Another anti-shared parenting article.
Presumptive maternal custody is important to feminists, to mothers' rights
activists and to most women in general. They tend to be concerned about
rights and advantages for women, above and beyond those of men, not
equality or equity. Not all, but many.
<http://www.winnipegsun.com/comment/2009/08/20/10529651.html#/comment/columnists/mindelle_jacobs/2009/08/20/pf-10524861.html>
Winnipeg Sun
20 August 2009
Equal shared parenting a real gamble
By Mindelle Jacobs <mindy.jacobs@sunmedia.ca>
For years, family advocates of one sort or another have been trying to
replace the emotion-laden phrase "custody and access" with the supposedly
gentler and more equitable term "shared parenting."

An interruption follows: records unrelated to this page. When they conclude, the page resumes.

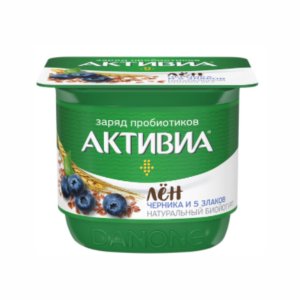 Биойогурт Активиа Черника/5 злаков и семена льна обогащенный 2.9% 130г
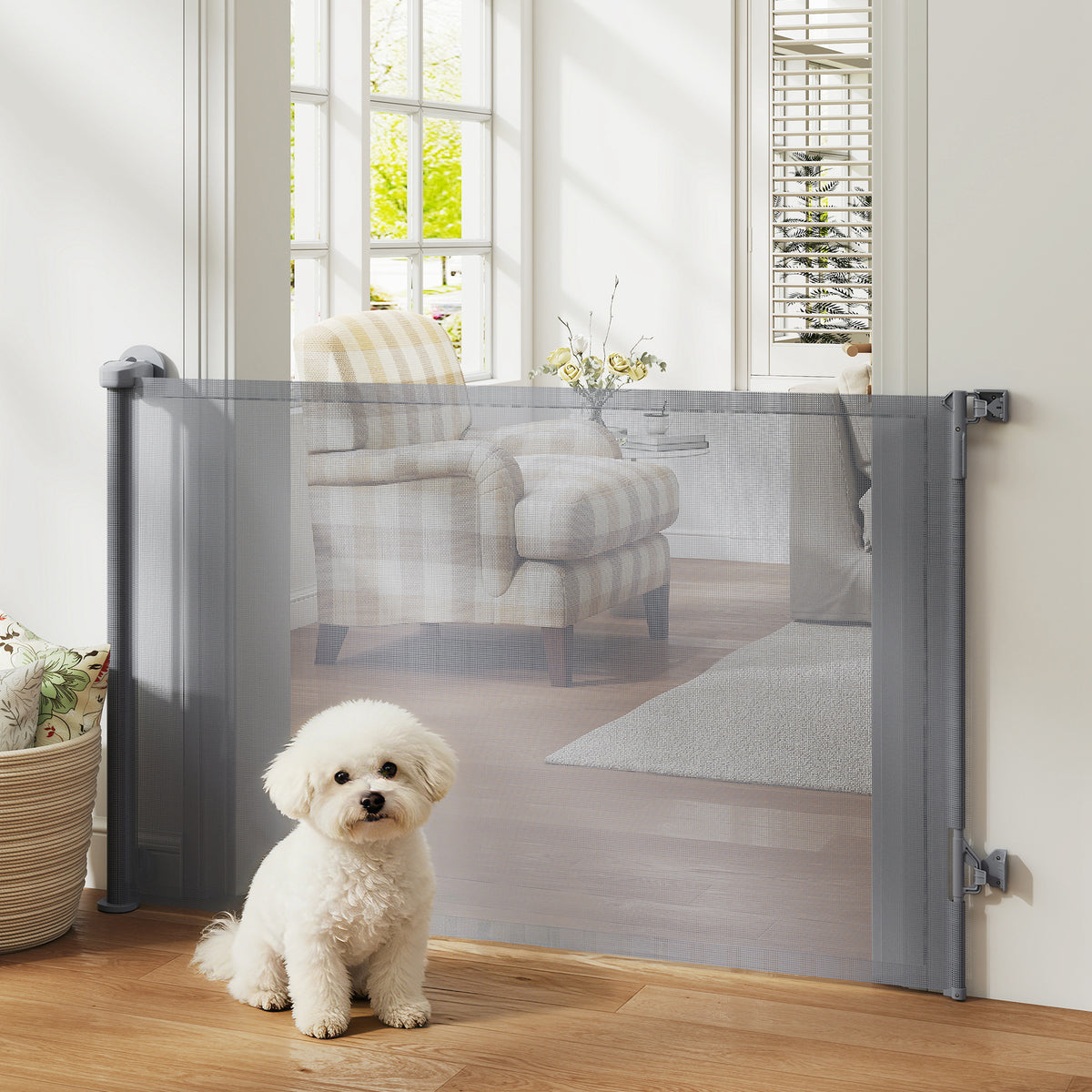 Retractable mesh dog gate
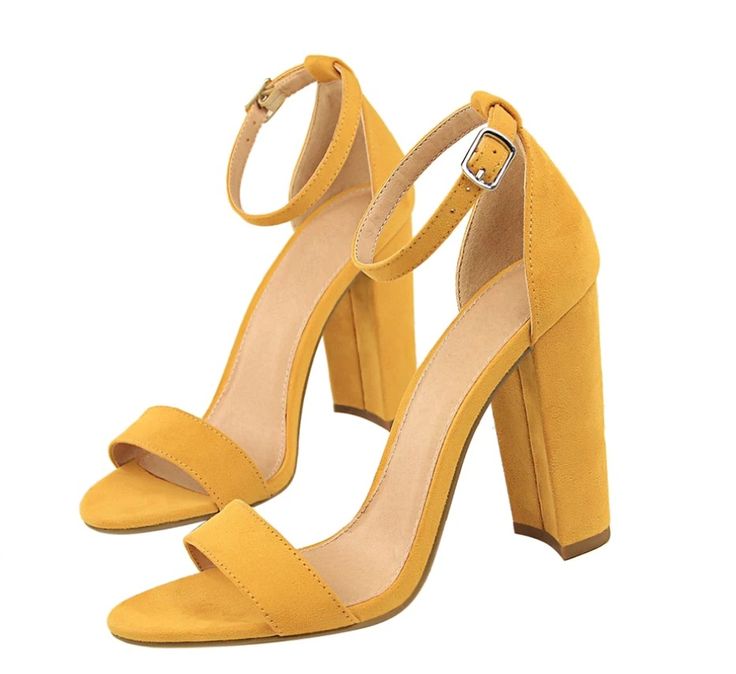 Thick High Heels Sandals Block Heels Pumps on Luulla Summer High Heels, White Leather Shoes, Yellow Sandals, Yellow Heels, High Heels Sandals, Chunky Shoes, Chunky High Heels, Blue Heels, Yellow Shoes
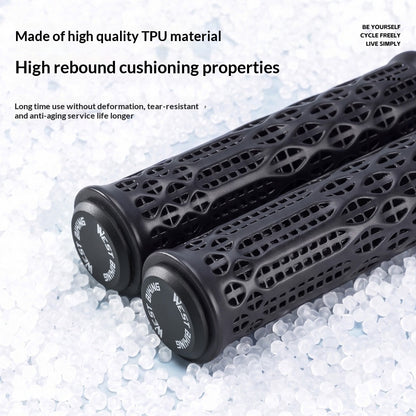 WEST BIKING YP0804095 1 Pair 3D Printed Bike Grips Shock Absorbing Breathable Anti-Slip MTB Handlebar Grips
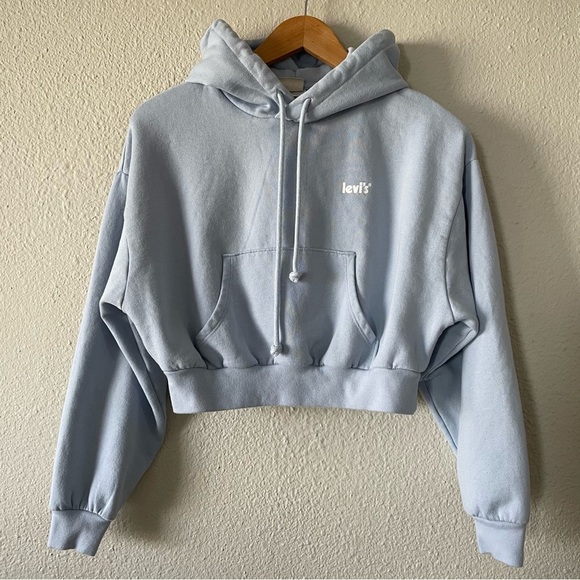 Levi's Tops - Levi's Laundry Day Cropped Hoodie Sweater Women’s XS Blue Relaxed Fit Skater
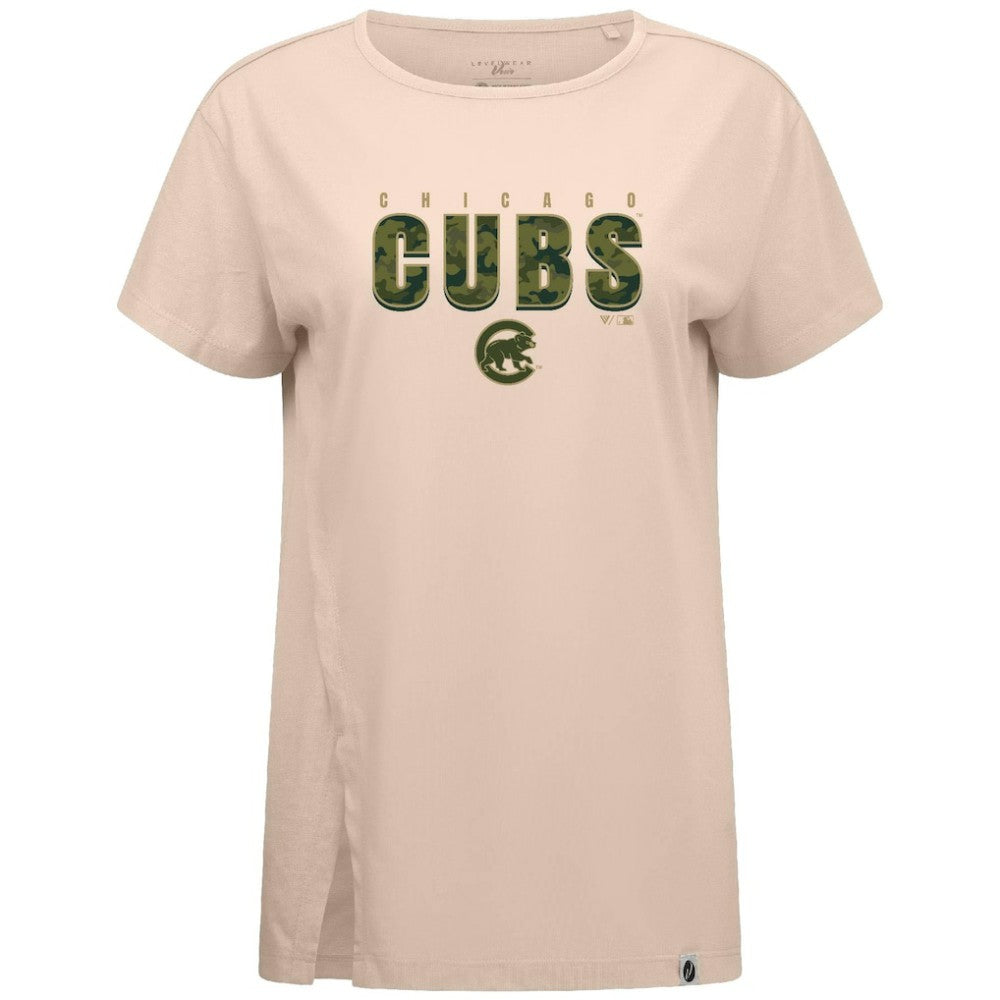 Chicago Cubs Levelwear Women's Influx Protect W T-Shirt - Khaki - MLB Discount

Eleven years ago, a special parliamentary committee recommended such a move
but the Divorce Act remains unchanged. Now a Saskatchewan Tory MP is taking
a stab at it.
Maurice Vellacott's private member's bill would require judges to apply the
principle of equal shared parenting except in proven cases of abuse or
neglect.
Justice Minister Rob Nicholson isn't a fan of the bill. Nor, apparently, is
the Canadian Bar Association, according to news reports from the CBA's
annual meeting in Dublin this week.
Vellacott's bill may be well intended but no one's figured out how to make
two ex-lovers who hate each other more than they love their kids compromise
for everyone's benefit. You often hear about high-conflict custody cases
because fireworks attract attention and we tend to have a morbid
fascination with the evil machinations of squabbling couples. So people get
the false impression that court battles are the norm when it comes to divorce.
On the contrary, the vast majority of divorcing couples are able to settle
their differences amicably, outside of court, and their kids are better off
for it.
Only a small minority of cases end up before a judge these days because so
many couples have wised up and realized that mediation is healthier and
cheaper than beating each other up in court.

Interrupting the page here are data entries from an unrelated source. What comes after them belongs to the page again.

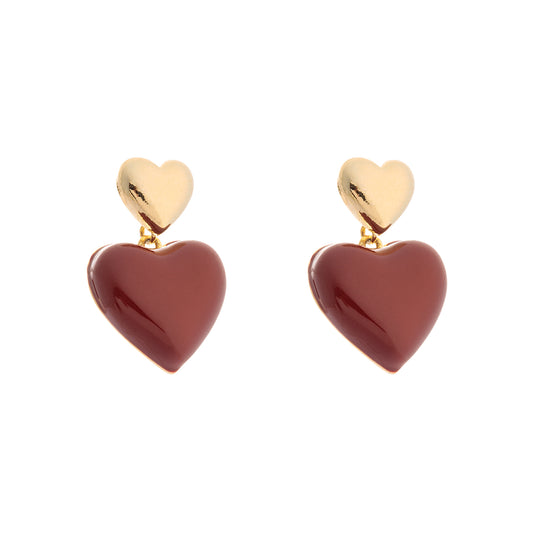 Brinco Coração Liso e Vermelho Dourado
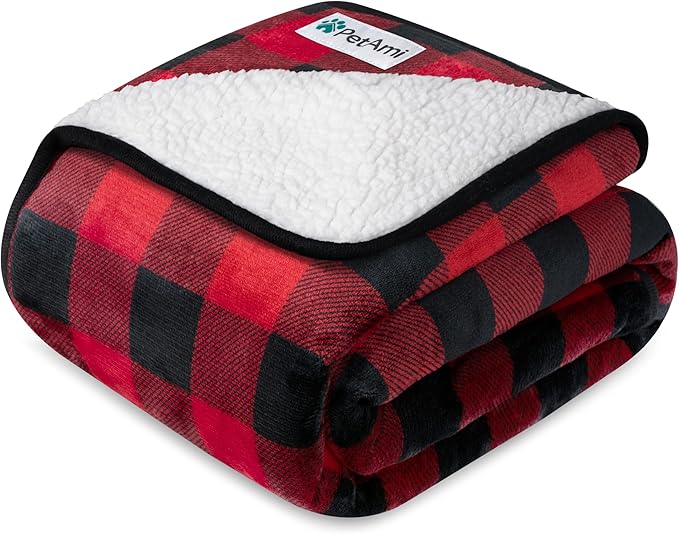 PetAmi Waterproof Dog Blanket Sherpa Fleece, Pet for Medium Large Dogs, Reversible Cat Throw Bed Couch Sofa Furniture Protector, Soft Plush Microfiber (X-Large 60x80, Checker Red) Checkered Red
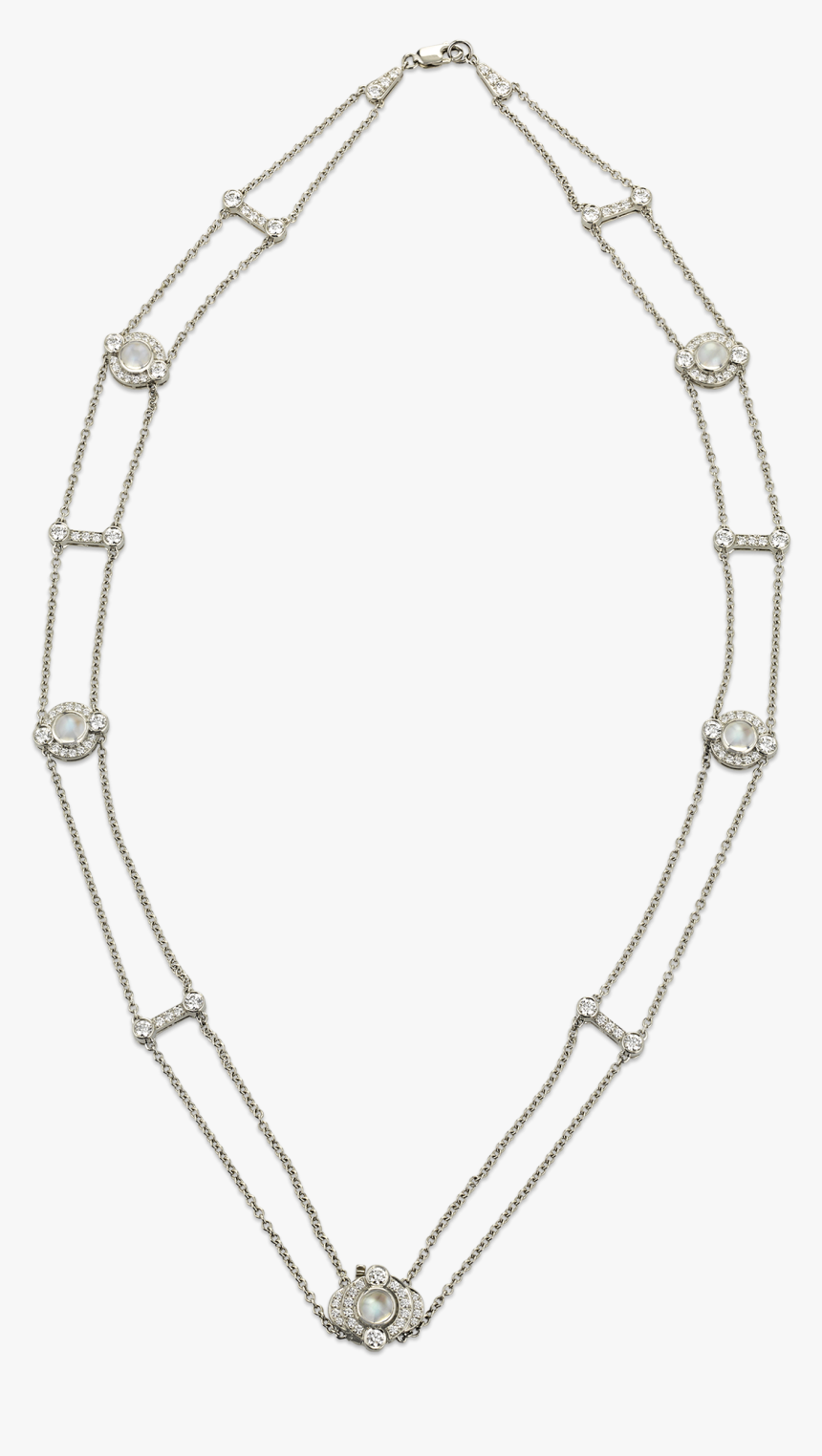 Moonstone And Diamond Double-strand Necklace By Tiffany - Necklace, HD Png Download, Free Download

"We're trying to take a more holistic approach to family law because we
know once our files are over, these families go on," says Montreal lawyer
Karen Kear-Jodoin, past-president of the CBA's family law section.
"I used to be this big litigator ... and I loved it," she adds. "But I
realized as time went on that it's not necessarily best for my clients
because they spend so much money and the outcome is not always satisfactory
to anyone."
Marla Miller, an Edmonton registered family mediator and collaborative
family lawyer, agrees. There's been a dramatic attitude change over how to
handle divorce over the years, she explains.
Negotiate
Not long ago, it was rare to see the children of divorced parents share
their time equally between mom and dad, she says.

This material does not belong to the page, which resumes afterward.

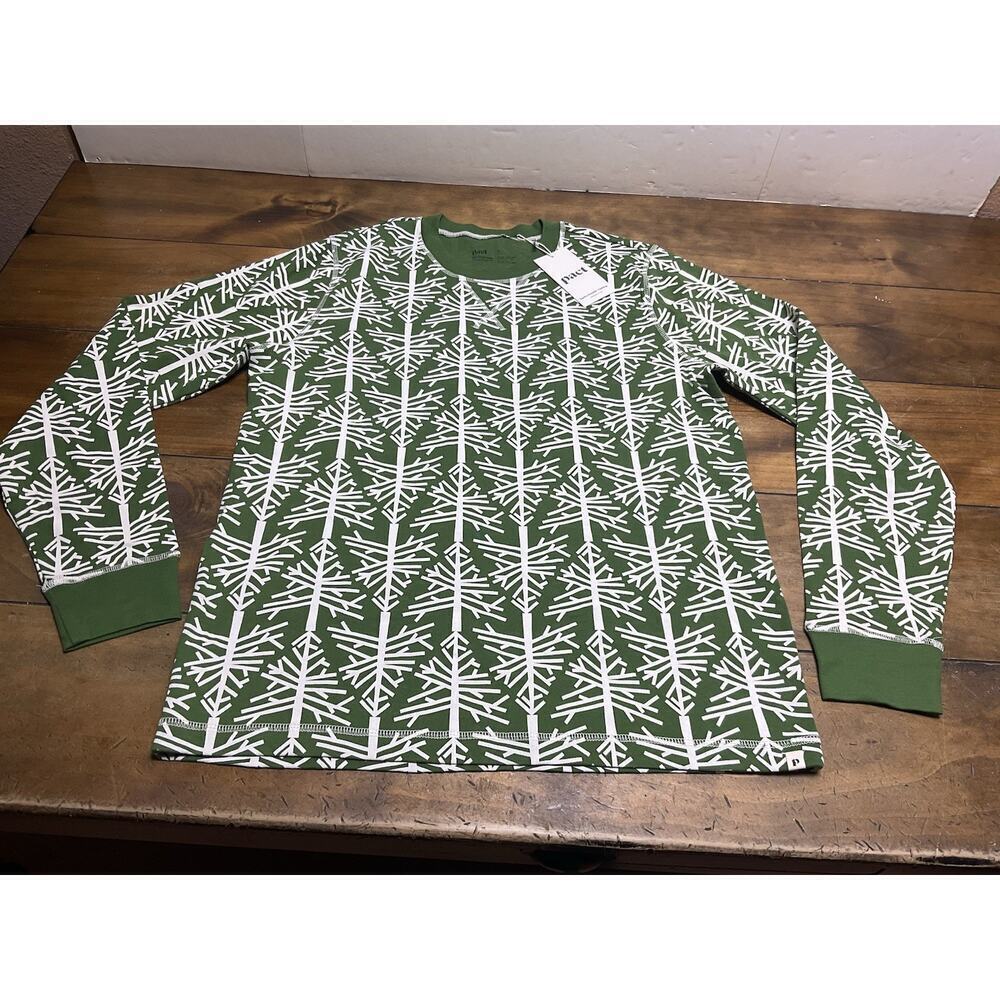 Pact Green White Novelty Print Round Neck Organic Cotton Top Large NWT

"I never would have thought that we would see a situation where parents
would quite often negotiate an equal sharing of the time. Things always
evolve."
What obviously hasn't evolved is the worst of human nature that drives
ordinarily civilized people into torrents of rage and vengeance because
love has evaporated.
So I share the skepticism of both Kear-Jodoin and Miller that Vellacott's
vision of presumed equal shared parenting will work with couples who are
too full of hatred to have a quiet discussion about the best interests of
the kids.
Both lawyers say Vellacott's proposal risks even nastier court battles as
parents try to prove shared parenting would be a disaster.
Expecting divorced couples who prefer scorched-earth tactics to happily
"share" parenting is absurd.
Tragically, their kids just have to find a way to cope.